◆ **EXERCISE REQUIREMENTS**
Leaving the pictures aside, restate all of the data exactly.
RECORDED INFORMATION START
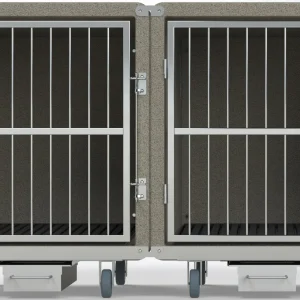Groomer's Best Modular Kennel 2 Bank Grey Side-by-Side +2 Bases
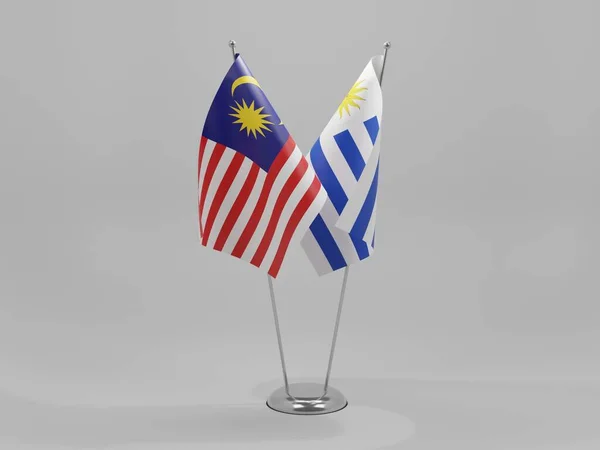Uruguay Malaysia Cooperation Flags White Background Render — 스톡 사진
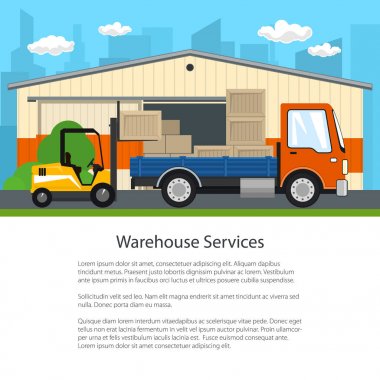 Forklift kaldırır kutuları bir kamyondan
RECORDED INFORMATION END
◆ **RESPONSE**
Groomer's Best Modular Kennel 2 Bank Grey Side-by-Side +2 Bases
Uruguay Malaysia Cooperation Flags White Background Render — 스톡 사진
 Forklift kaldırır kutuları bir kamyondan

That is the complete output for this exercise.